Cada uno tiene su historia, su propia anécdota, su propio instante de terror, a cuál más verosímil. A los suyos hay que añadir las docenas de testimonios de estudiantes “anónimos” y que esos días desfilaron por CU, y que no parece respetable descartar con un movimiento despectivo de la mano simplemente porque su versión estorba la crónica “oficial” de lo acontecido.
Cuarenta años después, nadie más ha sostenido la existencia de las balas de salva (excepto Gerardo Estrada, miembro entonces del CNH, en su más reciente e interesante libro sobre lo entonces acontecido y, por lo tanto, no tengo más remedio que ponerlo en duda yo mismo. A pesar de todo).

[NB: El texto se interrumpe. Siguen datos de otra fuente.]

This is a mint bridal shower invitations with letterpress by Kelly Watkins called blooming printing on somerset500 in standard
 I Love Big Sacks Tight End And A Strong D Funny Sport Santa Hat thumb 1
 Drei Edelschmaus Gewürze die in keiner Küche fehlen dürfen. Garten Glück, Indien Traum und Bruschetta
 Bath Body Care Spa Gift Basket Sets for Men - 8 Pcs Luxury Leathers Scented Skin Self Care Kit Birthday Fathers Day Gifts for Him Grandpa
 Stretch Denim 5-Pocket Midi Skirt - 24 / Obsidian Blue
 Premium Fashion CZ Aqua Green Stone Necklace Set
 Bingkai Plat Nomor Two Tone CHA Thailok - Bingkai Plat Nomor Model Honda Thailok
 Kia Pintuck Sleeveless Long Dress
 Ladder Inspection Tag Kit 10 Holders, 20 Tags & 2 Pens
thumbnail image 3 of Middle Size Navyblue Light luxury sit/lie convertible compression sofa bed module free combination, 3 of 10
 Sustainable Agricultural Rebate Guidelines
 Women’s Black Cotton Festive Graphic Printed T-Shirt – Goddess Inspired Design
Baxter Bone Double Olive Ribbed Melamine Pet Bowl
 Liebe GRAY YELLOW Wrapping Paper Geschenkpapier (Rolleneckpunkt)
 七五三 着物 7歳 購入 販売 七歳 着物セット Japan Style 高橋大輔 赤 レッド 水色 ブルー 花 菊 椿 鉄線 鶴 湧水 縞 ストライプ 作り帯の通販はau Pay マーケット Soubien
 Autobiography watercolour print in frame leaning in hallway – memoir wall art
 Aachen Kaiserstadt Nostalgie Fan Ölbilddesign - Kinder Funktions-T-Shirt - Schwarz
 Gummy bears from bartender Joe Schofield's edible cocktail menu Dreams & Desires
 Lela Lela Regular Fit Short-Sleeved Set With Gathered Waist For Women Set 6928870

Yo sé que en medio de un tiroteo tupido es realmente muy difícil darse cuenta de que existen disparos de salva. Pero creo que resulta prácticamente igual de difícil darse cuenta de que no los hay.
A inicios de los noventa, es decir, durante el sexenio de Salinas, siendo Ernesto Zedillo secretario de Educación y Gilberto Guevara subsecretario, se editó, en millones de ejemplares, el libro de texto gratuito de historia que, entre otras cosas, tenía como primicia el incorporar el 68 a la histo-
ria de México. Ahí se afirmaba que el ejército había masacrado a los estudiantes. Dicen que fue el ejército el que vetó su circulación. Sea como fuere, ya editado nunca fue distribuido.
Y es que, perspicaz lector, a menudo, culpar a uno es la mejor manera, créame, de exculpar a otro.